DESPUÉS DE CORTAR LA CINTA
Nos emocionan las inauguraciones. Cortamos cintas, celebramos obras nuevas y anunciamos proyectos con entusiasmo. Sin embargo, el verdadero desarrollo rara vez depende de lo que se inaugura. Depende, sobre todo, de nuestra capacidad para conservar lo que construimos. Una obra no termina el día que se inaugura. Ese es el día en que comienza la obligación de mantenerla.
Basta mirar a
nuestro alrededor. Hospitales estatales equipados que pocos años después operan
con máquinas dañadas. Edificios públicos en el calor de la Costa con aire
acondicionado fuera de servicio y con ascensores averiados. Una crisis
eléctrica que no surgió de la noche a la mañana, sino de inversiones
postergadas y mantenimientos diferidos.

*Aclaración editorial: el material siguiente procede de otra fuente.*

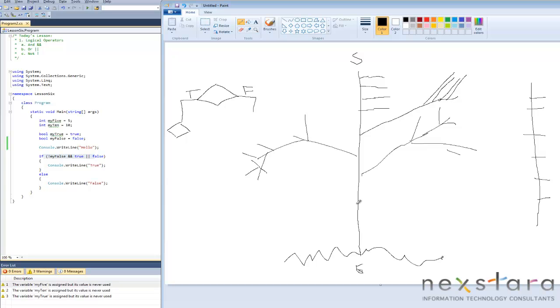Thank you for joining me today. It was actually a kind of fun lesson for me, at least. I got to work with MS Paint for the first time in about 100 years. Everyone have a great day, and I'll see you tomorrow.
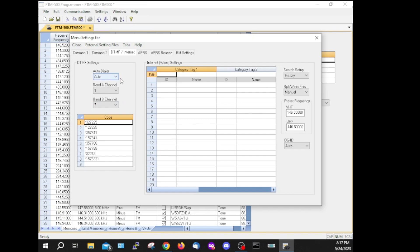I've got the auto dialer set to Auto, and I'm not exactly sure what that means. When I was testing this earlier, I had to hit the PTT to trigger it — it triggers all digits, so maybe that's what they mean by Auto. Anyway, Band A channel 1, Band B channel 7.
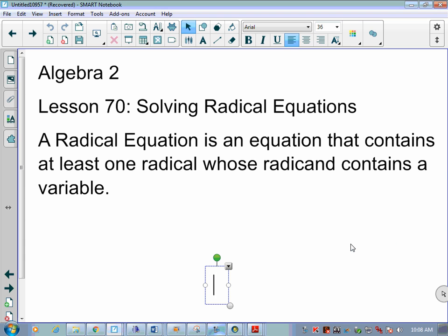Algebra 2, Lesson 7: Solving Radical Equations — solving equations with radicals in them. We've solved equations that had radicals before, but we left them with a radical in the answer. Now we're going to solve questions where we can actually get rid of those radicals altogether.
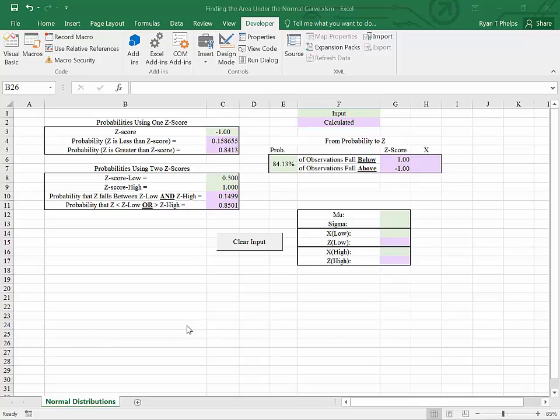So we have just a little bit of work left to do in order to finish out the functionality of this template. The purpose of the template, again, is to find probabilities related to normal distributions.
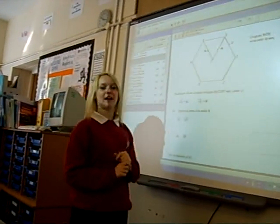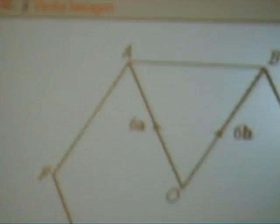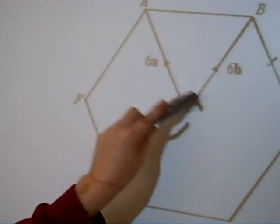We are going to play about a, b, c, d, e, f, with a centre of O.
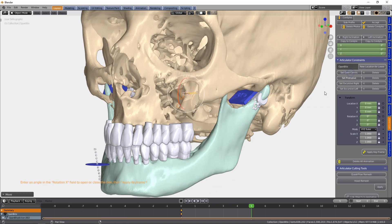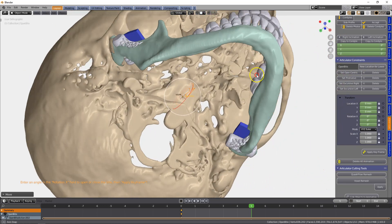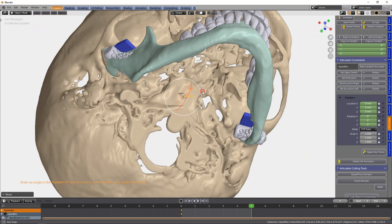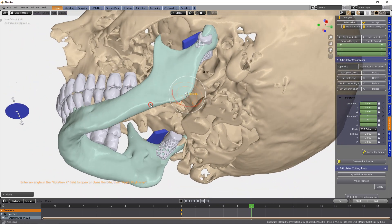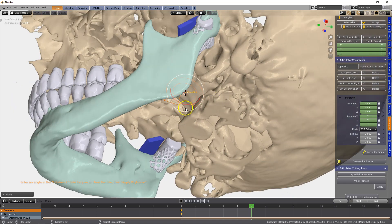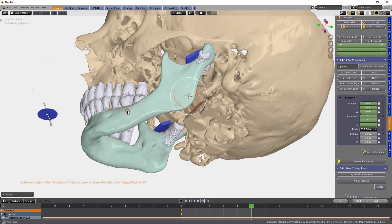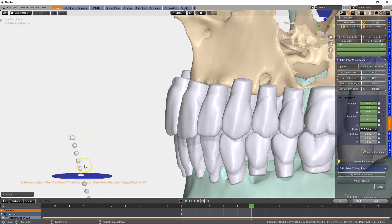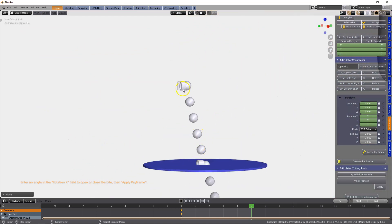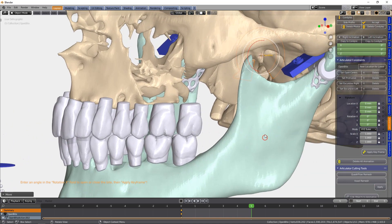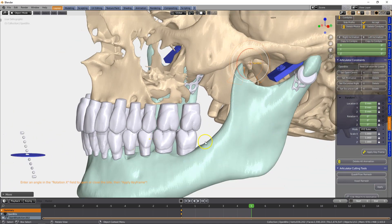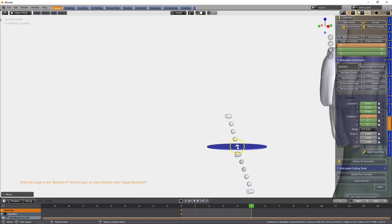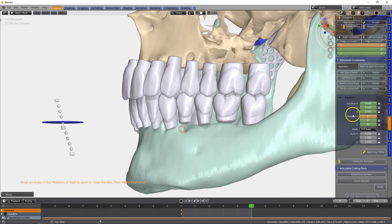Next we're going to move to the constraints and set the open — we're going to open up the bit. Everything with the articulator follows these arrow objects. This is the opening, and we have an incisal pin like on a physical articulator. When we adjust the jaw by one degree, the incisal pin will open by two millimeters. These spheres are all two millimeters apart.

No son hechos aislados. Son la
expresión de una cultura que valora más inaugurar que conservar.
El mantenimiento
no genera titulares ni fotografías. Es silencioso, rutinario e invisible.
Quizás por eso seguimos premiando al que construye y olvidando al que preserva.
Pero mantener no es un gasto que compite con la inversión; es la condición para
que la inversión conserve su valor. Cada dólar que dejamos de invertir en
mantenimiento suele convertirse luego en varios dólares destinados a reparar o
reemplazar. Cuando descuidamos el mantenimiento, no solo deterioramos una obra:
también destruimos valor público financiado con el esfuerzo de todos.
Esta lógica va
más allá de la infraestructura. Instituciones que crean nuevas estructuras
antes de fortalecer las existentes. Políticas públicas que reaccionan a las
crisis en lugar de prevenirlas. Confundimos progreso con novedad, cuando el
verdadero progreso consiste en cuidar lo que ya funciona.
Toda obra
pública debería nacer con un plan de mantenimiento, con los recursos para
ejecutarlo y con mecanismos de rendición de cuentas sobre su cumplimiento. Inaugurar
sin prever su conservación es condenar la obra a un deterioro previsible.
Construir
demuestra capacidad. Mantener demuestra madurez. Porque mantener también es
prevenir, y prevenir siempre cuesta menos que lamentar. Las inauguraciones duran un día; el
mantenimiento sostiene generaciones.